About 9 out of 10 people who go into communications or PR are female. Some might think that’s due to the stereotype that public relations is a sexy and fashionable field; and that the industry is all about attending events, socializing, drinking, getting free stuff and having fun. But that stereotype is just that — a stereotype.
PR is a demanding field; one where its professionals are on call practically 24/7, as they not only market their clients, but do a lot of problem-solving by putting good spins on bad press. As such, public relations is all about good communication, and that’s just one reason – of many – why women are drawn to PR as a career.
How the Entertainment World Portrays Public Relations
With the way movies and TV shows depict public relations, you’d think the job was all just one big party. Just take a look at the way PR is portrayed in popular shows like “Sex and the City,” “Mad Men,” and “Entourage.” It’s depicted as a fast-paced and exciting career, one that involves a ton of perks, like office’s full of samples, lots of cocktails, and the perfect lipstick.
Of course, stereotypes exist for a reason and there truly are a lot of perks, including samples of products. But, it’s most definitely not what it’s all about or the only things the job entails. In other words, Public Relations is about much more than going to events and getting free swag.
In fact, some women in the PR world think that focusing on those aspects – ones that make them look like superficial fashionistas and event planners – can diminish what public relations is really about: solving problems and creating a successful marketing and communication strategy for their clients.
Why Women Fare So Well in PR
PR is also about planning, writing — and even at times — the law. But at its foundation, this career field is about relationship building; working with clients, as well as journalists; and, in the process, creating trust. As such, the people who fare best in this industry tend to be great listeners as well as communicators, and females tend to have both those traits. Working with clients also often does have a social component to it, but in this case, the ability to be social and act extroverted (even when you feel like you’re an introvert) is a professional skill, one that should be any PR pro’s resume.

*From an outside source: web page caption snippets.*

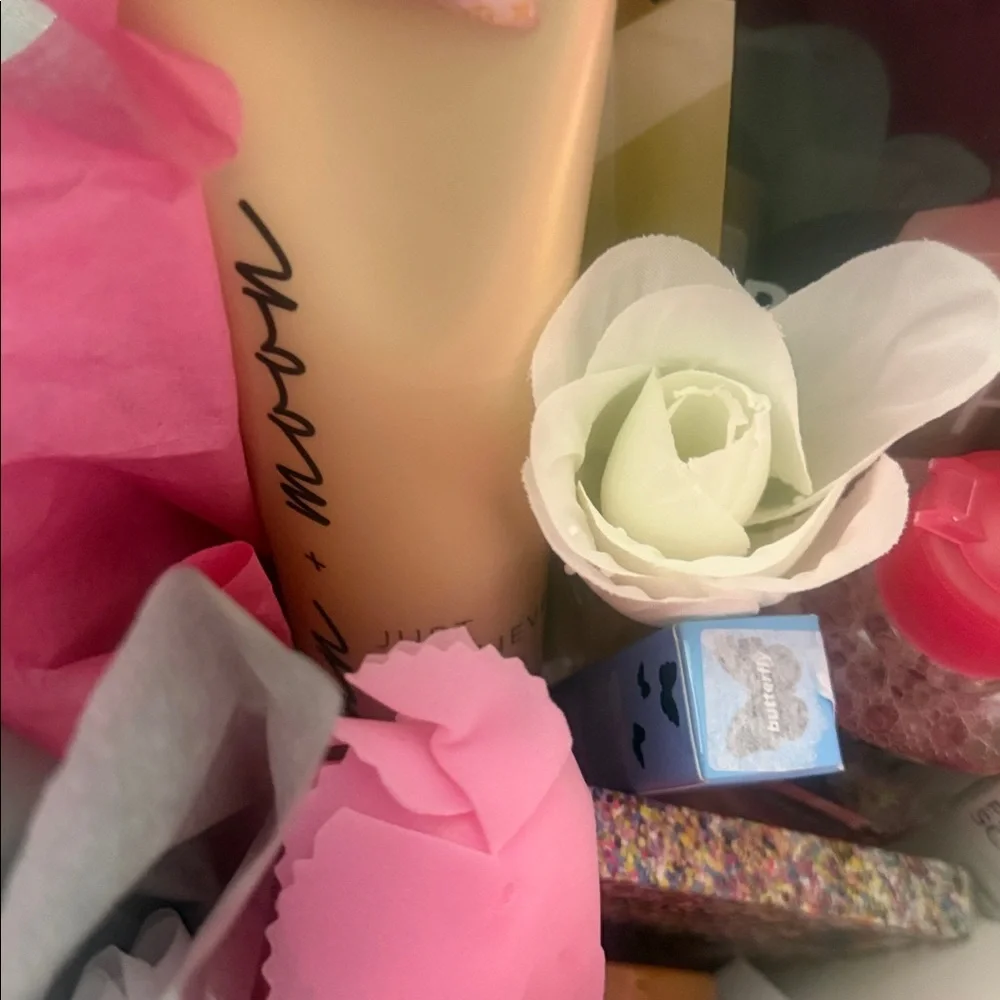 Makeup Gift Set with Pink and White Accents. Over 200$ in ultra products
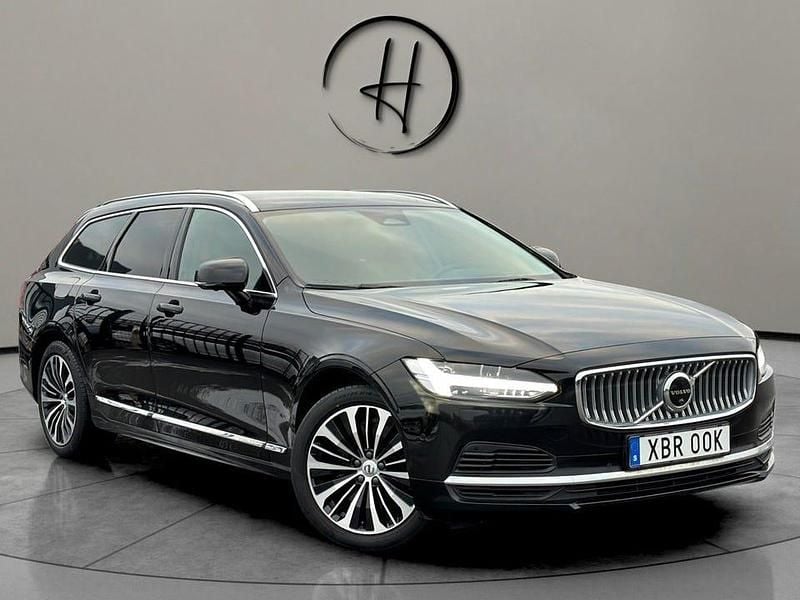 Begagnad Volvo V90 Core 350 HK (257 kW) 2023 Svart Kombi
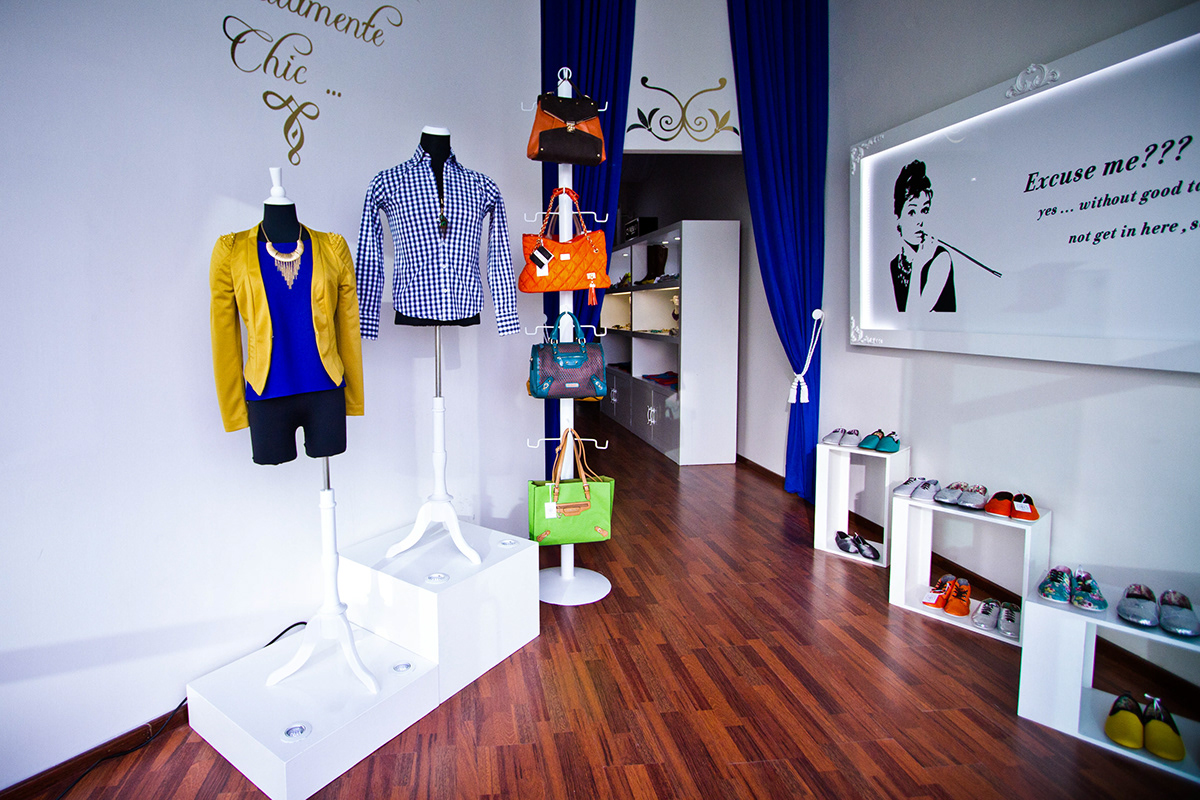 boutique tienda de ropa Moshe studio azul yves White furniture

Trends and understanding those trends are also key to being successful in this field. That’s why it’s no surprise really why you’ll see women working in PR in the fields of cosmetics, jewelry, fashion, and more. It can be easy to be passionate about a career when you’re working with the things you love and you’re getting paid to stay up to date on the latest and greatest there is in the fashion world. Trends are important because as a PR professional, you can take a trend and find ways for your brand or company to capitalize on that trend.
PR pros also tend to be wonderful at problem solving. They can look at a situation — such as bad press — and figure out ways to come out looking better to the public eye. Yes, problem solving is in the purview of both males and females, but a 2007 study showed that the two genders approach problems very differently. While men see solving a problem as a way to demonstrate how intelligent they are, women see it as a chance to grow more connected. In other words, solving a problem for women is a chance to strengthen a relationship and as already established, that’s key in PR.
Last but certainly not least, for decades now, PR has been largely dominated by women, and therefore women feel comfortable and accepted when they join the career field. This is no small thing. People tend to gravitate toward careers where they feel they will be easily welcomed — and in turn — a place where they feel they can belong.
PR’s Glass Ceiling
Despite the sheer number of women in the public relations industry, there’s quite a disparity when it comes to which gender heads the managerial positions. Studies have shown that men are more often promoted to Director of Communications, while women tend to stay in middle management positions. Despite this gender problem, more women than ever before are entering the field and beginning to make a name for themselves in their own ways.
Some break off and start their own agencies; others find and represent huge clients. What do all these impressive ladies have in common? They work hard, they understand how PR works – and that’s not all fun and games — and they create strong relationships based on trust and communication with all sorts of people, not just their clients.